La verdad es que muchas veces algunas personas me han comentado su limitación a afrontar la migración a otro sistema operativo por su dependencia con una determinada aplicación. Esta situación que en muchos casos puede ser perfectamente soportable, para algunos usuarios se puede convertir en traumática si la relación con el sistema operativo en el que trabajan no es todo lo buena como fuera deseable.

Con el lanzamiento por parte de IBM de un cliente de escritorio multiplataforma que se podrá ejecutar en Windows y Linux, teniendo versión prevista para Mac, se pone en juego la idea de homogeneizar los entornos de los usuarios, independientemente del sistema operativo que utilicen. Un concepto que ya han intentado poner en juego varios servicios web con diferente grado de éxito.

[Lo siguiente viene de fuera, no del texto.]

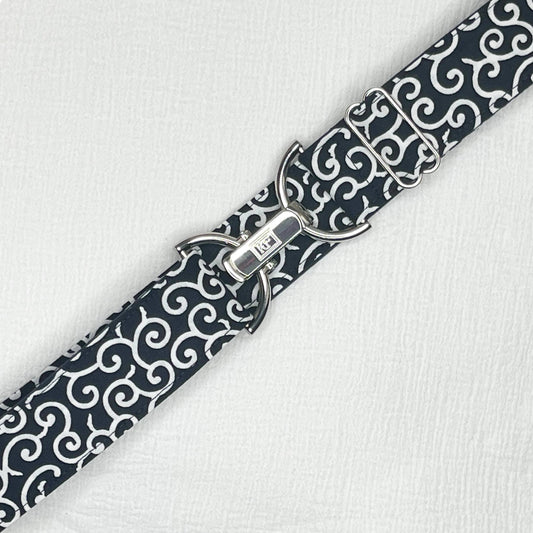 Swirls - Navy - adjustable belt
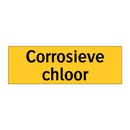 Corrosieve chloor & Corrosieve chloor & Corrosieve chloor & Corrosieve chloor & Corrosieve chloor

Si a eso le añadimos soluciones como Wine, a través del cual los usuarios de GNU/Linux pueden ejecutar muchas de las denominadas Killer Apps diseñadas para Windows. Y por supuesto sin olvidarnos de las posibilidades de los sistemas de virtualización (Parallels, VMware, VirtualBox, …), entre los que ya existe la posibilidad de ejecutar aplicaciones de otro sistema operativo en una ventana independiente.

Seguramente todos sigamos teniendo las mismas preferencias con la evolución de estos proyectos, pero a buen seguro, que estos nos permitirán tener bien claras las razones de por qué usamos un sistema operativo y que la dependencia de un determinado programa no sea una de ellas.